The error I get with the code above is a full on crash. Looks like it’s crashing when I actually try to run the model:

LoginId:7503dafd456c2a17460c03b6c283ec7c
EpicAccountId:574d08e98bbf4916afd4b598125b3451

Unhandled Exception: EXCEPTION_ACCESS_VIOLATION reading address 0x0000000000000000

UnrealEditor_ShadowShapes_CNN!AANNEE::Tick'::21’::<lambda_1>::operator()() [C:\Users\Nicole\Desktop\ShadowShapes_CNN\Source\ShadowShapes_CNN\ANNEE.cpp:137]
UnrealEditor_Core
UnrealEditor_Core
UnrealEditor_Core
UnrealEditor_Core
UnrealEditor_Core
UnrealEditor_Core
UnrealEditor_Core
UnrealEditor_Core
UnrealEditor_Core
UnrealEditor_Core
UnrealEditor_Core
kernel32
ntdll

I’ve tried off and on in the past few weeks to follow what you’re saying. I understand loosely/conceptually what you mean but it’s still a bit over my head even to implement

Would you possibly know someone I could reach out to (or another forum) who could help me out with my project a bit more in-depth? Happy to pay for time if needed as I do really want to learn how to do this! For whatever reason the differences in implementation here versus what I’ve done in Pytorch aren’t clicking for me (the gaps in my C++ knowledge probably aren’t helping either). I’m not even sure where to start trying to bridge these gaps on my own to get the code to do what I’d like it to

ranierin · October 8, 2025, 3:55pm

Hey @patso85 ,
IREE requires your buffers to be aligned to be very efficient when feeding data into ALU. All this means, is that the address of your first element must be divisible by 64.
If you work with TArray you can just use TAlignedHeapAllocator and pass 64 in the template argument. If you use the FMemory interface you can pass the alignment to the Malloc function.

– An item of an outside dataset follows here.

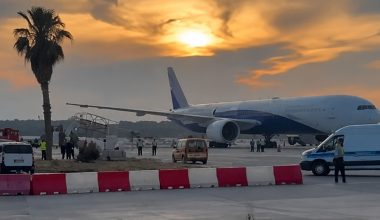 Σκηνές πανικού σε πτήση με 267 επιβάτες: Αεροσκάφος στην Αττάλεια συγκρούστηκε με πύργο ραντάρ (βίντεο)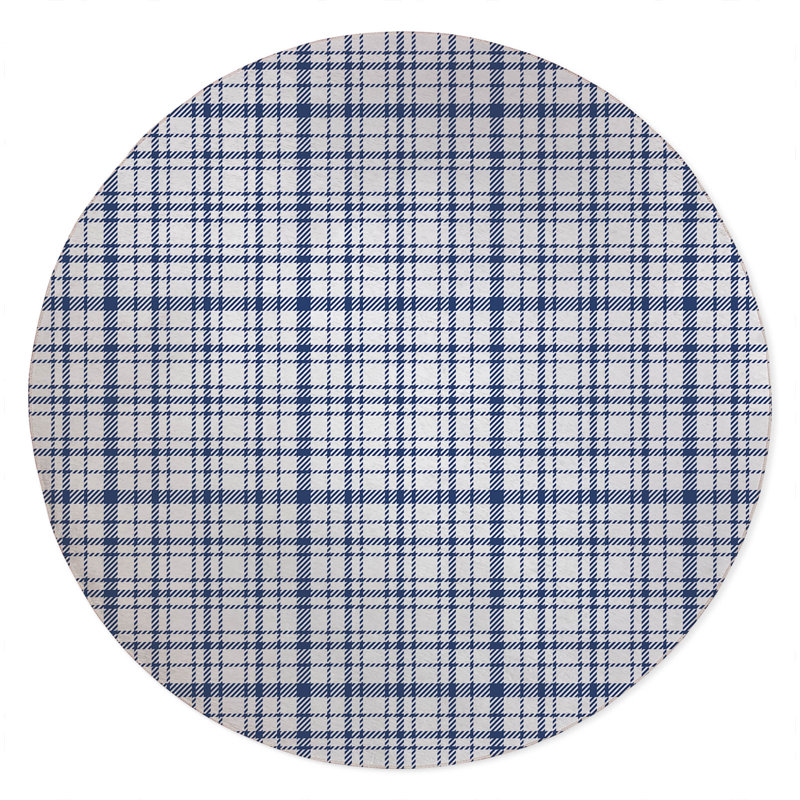 Liz Plaid Non-Slip Outdoor Rug, Round 5'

You need to do this for each input, so each input binding pointer needs to be divisible by 64.

With this you will be able to get past the error you posted

ranierin · October 8, 2025, 4:01pm

Hi @pauciloquent98 ,

This looks like a classic pointer issue. C++ is a bit more tricky to understand copy vs reference, something that is handled automatically by Python.

I recommend looking for some online tutorials that explain how C++ pointers work, what it means to pass something by copy and something by value. Without this understanding you will constantly run into access violations and other almost unexplainable errors caused by corrupt memory.

So I would just do some c++ tutorials to deepen your understanding or find someone to mentor you on it based on your specific code.

Sorry for not being able to help here

scropions · October 22, 2025, 12:36pm

Dear developers, please provide an example of connecting models like Yolo. This problem affects many, and everyone encounters it. I even created a thread about it.

yolov8 and Neural Networks for begginers - Development / Programming & Scripting - Epic Developer Community Forums

Dead_Morose · October 30, 2025, 4:47am

I made a little example. It is realtime neural style transfer sample forked from old Microsoft repo updated to Unreal Engine 5.5 and the Neural Network Engine (NNE) Render Dependency Graph (RDG) runtime.